↓↓↓
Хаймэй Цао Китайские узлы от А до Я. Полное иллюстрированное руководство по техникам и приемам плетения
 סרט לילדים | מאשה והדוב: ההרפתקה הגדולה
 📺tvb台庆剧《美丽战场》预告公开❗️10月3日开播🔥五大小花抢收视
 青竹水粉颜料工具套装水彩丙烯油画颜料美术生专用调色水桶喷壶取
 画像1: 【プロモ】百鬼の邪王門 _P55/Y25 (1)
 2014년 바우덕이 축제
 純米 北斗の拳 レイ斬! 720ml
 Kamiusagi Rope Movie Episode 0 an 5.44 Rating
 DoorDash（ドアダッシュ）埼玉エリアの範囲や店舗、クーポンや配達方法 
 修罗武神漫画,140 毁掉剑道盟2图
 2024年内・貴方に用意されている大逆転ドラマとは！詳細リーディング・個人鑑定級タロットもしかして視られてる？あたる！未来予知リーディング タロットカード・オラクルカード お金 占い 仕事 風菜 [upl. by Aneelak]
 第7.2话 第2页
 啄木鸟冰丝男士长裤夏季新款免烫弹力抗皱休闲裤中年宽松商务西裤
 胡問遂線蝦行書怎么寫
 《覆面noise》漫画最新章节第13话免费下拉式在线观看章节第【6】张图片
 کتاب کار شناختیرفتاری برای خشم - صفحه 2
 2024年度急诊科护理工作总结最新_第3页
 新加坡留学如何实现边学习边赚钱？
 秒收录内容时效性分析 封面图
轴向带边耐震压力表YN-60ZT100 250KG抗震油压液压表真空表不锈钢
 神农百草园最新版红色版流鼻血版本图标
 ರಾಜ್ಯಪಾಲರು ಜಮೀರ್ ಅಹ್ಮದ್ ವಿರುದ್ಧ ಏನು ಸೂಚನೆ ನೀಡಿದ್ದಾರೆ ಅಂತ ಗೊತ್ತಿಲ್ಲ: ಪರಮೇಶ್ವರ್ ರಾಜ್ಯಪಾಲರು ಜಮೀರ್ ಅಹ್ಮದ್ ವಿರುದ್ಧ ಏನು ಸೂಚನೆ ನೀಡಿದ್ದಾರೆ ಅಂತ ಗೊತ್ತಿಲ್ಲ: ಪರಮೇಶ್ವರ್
↑↑↑
→ **What is required**:
Print the lines from the one containing "Kamiusagi Rope Movie" through the end of the material, word for word, and nothing else.

→ **Output of the task**:
 Kamiusagi Rope Movie Episode 0 an 5.44 Rating
 DoorDash（ドアダッシュ）埼玉エリアの範囲や店舗、クーポンや配達方法 
 修罗武神漫画,140 毁掉剑道盟2图
 2024年内・貴方に用意されている大逆転ドラマとは！詳細リーディング・個人鑑定級タロットもしかして視られてる？あたる！未来予知リーディング タロットカード・オラクルカード お金 占い 仕事 風菜 [upl. by Aneelak]
 第7.2话 第2页
 啄木鸟冰丝男士长裤夏季新款免烫弹力抗皱休闲裤中年宽松商务西裤
 胡問遂線蝦行書怎么寫
 《覆面noise》漫画最新章节第13话免费下拉式在线观看章节第【6】张图片
 کتاب کار شناختیرفتاری برای خشم - صفحه 2
 2024年度急诊科护理工作总结最新_第3页
 新加坡留学如何实现边学习边赚钱？
 秒收录内容时效性分析 封面图
轴向带边耐震压力表YN-60ZT100 250KG抗震油压液压表真空表不锈钢
 神农百草园最新版红色版流鼻血版本图标
 ರಾಜ್ಯಪಾಲರು ಜಮೀರ್ ಅಹ್ಮದ್ ವಿರುದ್ಧ ಏನು ಸೂಚನೆ ನೀಡಿದ್ದಾರೆ ಅಂತ ಗೊತ್ತಿಲ್ಲ: ಪರಮೇಶ್ವರ್ ರಾಜ್ಯಪಾಲರು ಜಮೀರ್ ಅಹ್ಮದ್ ವಿರುದ್ಧ ಏನು ಸೂಚನೆ ನೀಡಿದ್ದಾರೆ ಅಂತ ಗೊತ್ತಿಲ್ಲ: ಪರಮೇಶ್ವರ್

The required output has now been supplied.